Below are the records. Retype, exactly, the lines from the first through the line with "54 Ezra Crescent, Brampton, ON", and leave out the pictures.

**Data excerpts**.

──────────

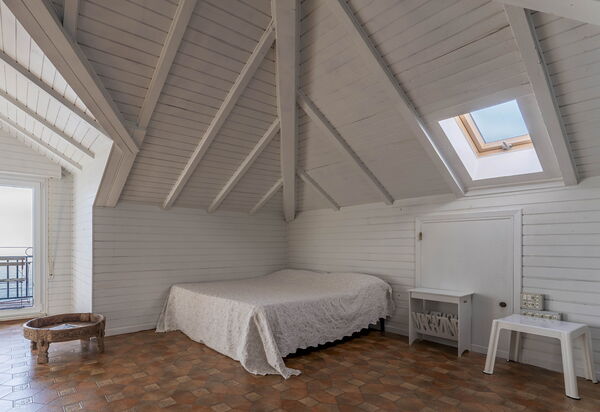 Breath-taking Portofino Promontory Seaview: Autunno, Camera da letto, Estate, Primavera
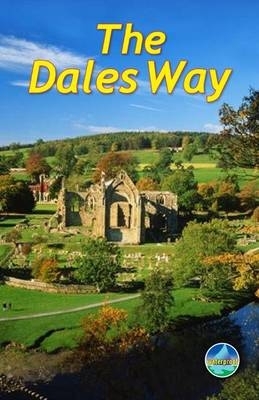 Book cover for The Dales Way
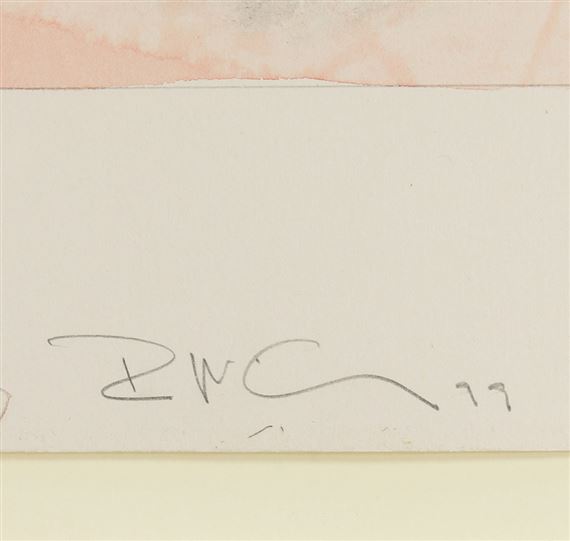 Robert McCurdy | Untitled | MutualArt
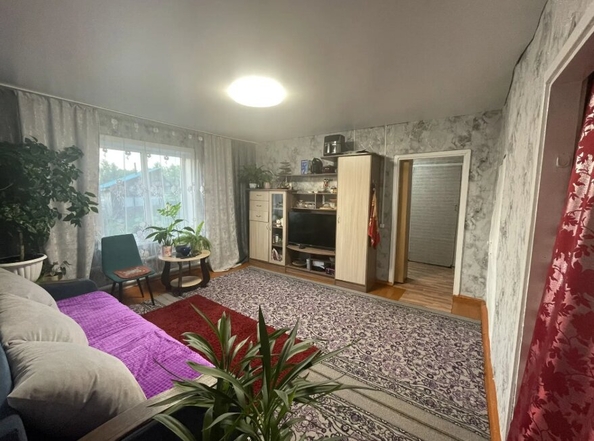 
  Продается коттедж 53.1 м². Фото 1.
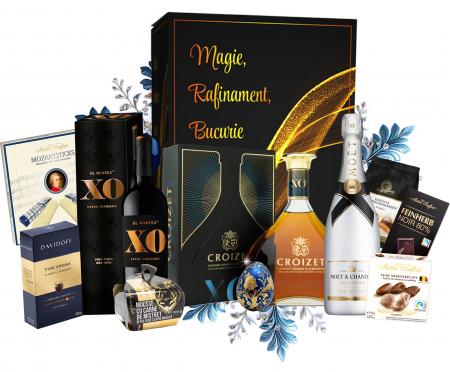 Cosuri Family - Cutie Cadou Gift Of Joy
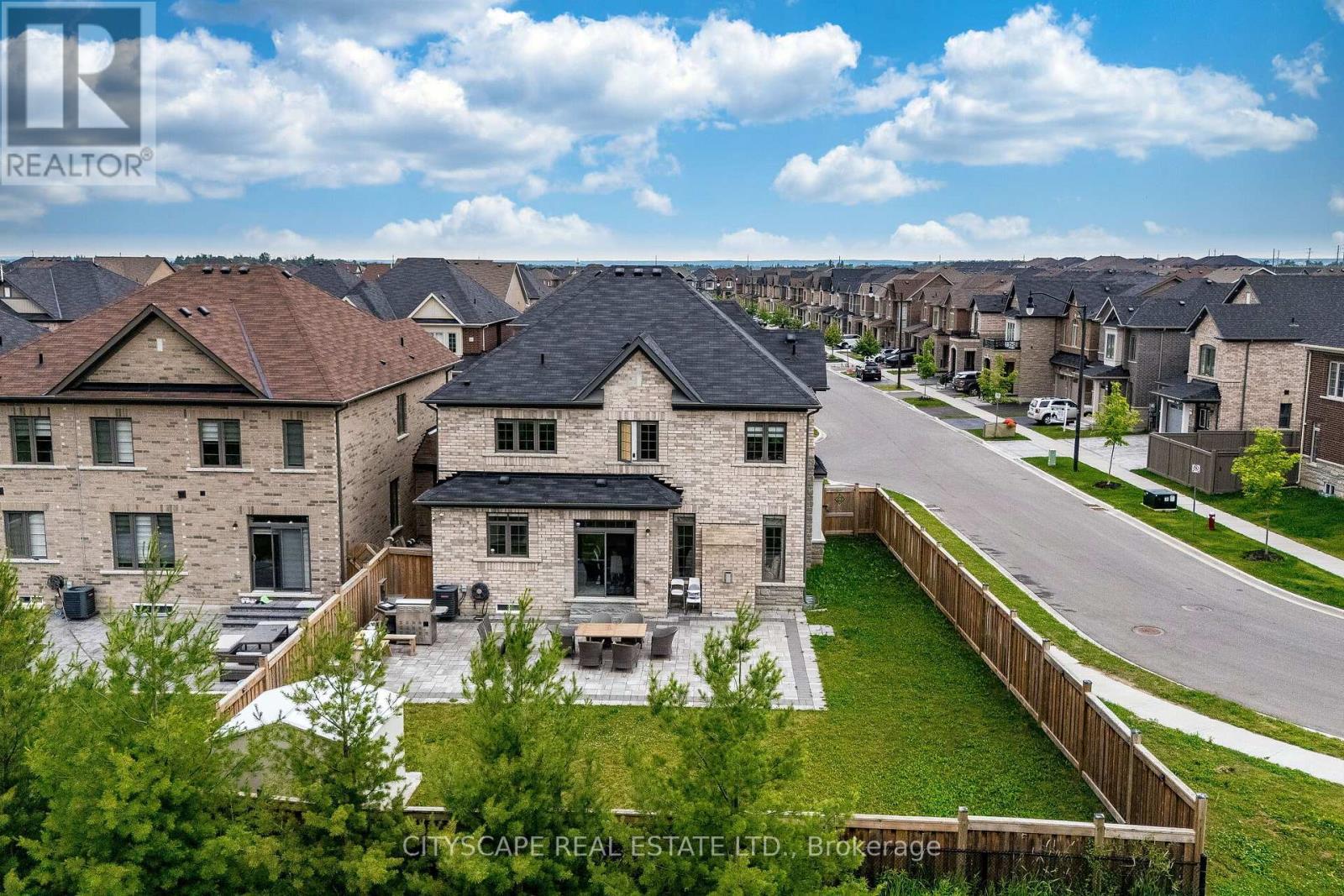54 Ezra Crescent, Brampton, ON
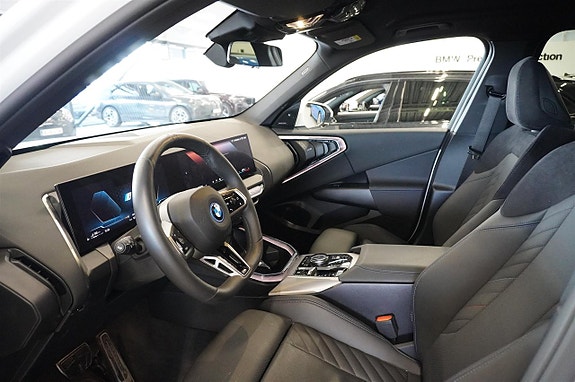 BMW X3 9 of 11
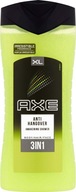 AXE Anti Hangover Sprchový gél 400 ml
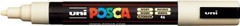 Uni Posca PC-5M Marker – Water-Based Pigment Paint Pen – 2.5mm Bullet Tip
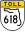 Toll Florida 618.svg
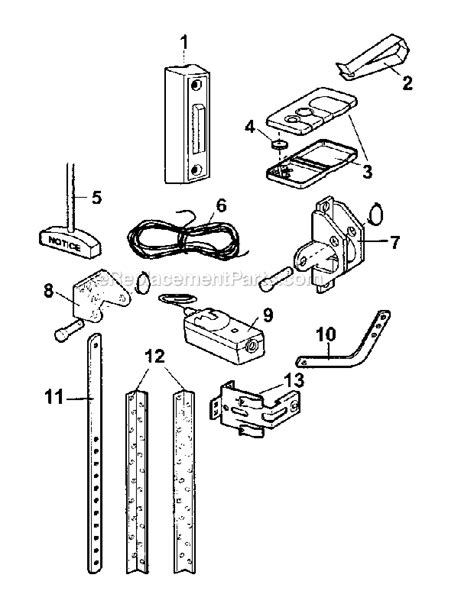 Stanley motor wiring diagram wiring diagram view 22 sears garage door opener the gardening. Wiring Diagram Sear Garage Door Opener - Wiring Diagram Schemas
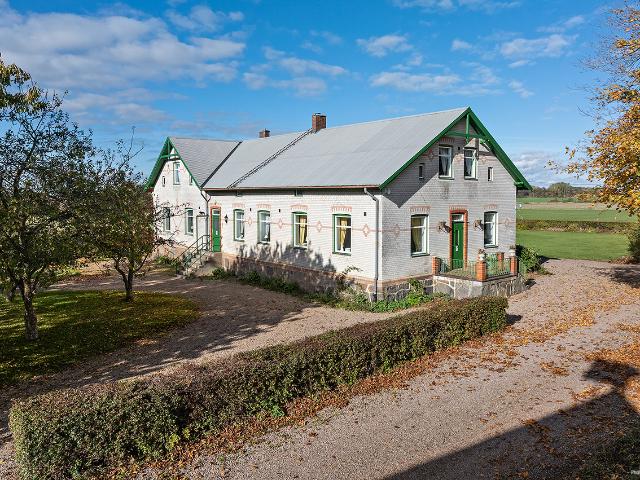 Gård till salu i Helsingborg, Skåne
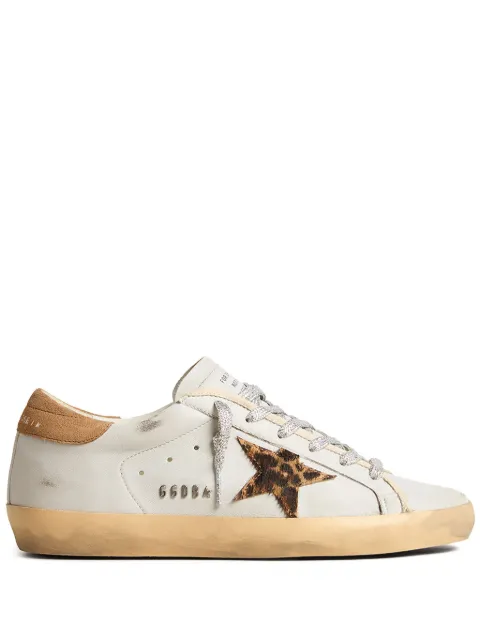 Golden Goose Super-Star sneakers White GWF00101F005879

──────────

**Response for this exercise**.
 Breath-taking Portofino Promontory Seaview: Autunno, Camera da letto, Estate, Primavera
 Book cover for The Dales Way
 Robert McCurdy | Untitled | MutualArt
  Продается коттедж 53.1 м². Фото 1.
 Cosuri Family - Cutie Cadou Gift Of Joy
54 Ezra Crescent, Brampton, ON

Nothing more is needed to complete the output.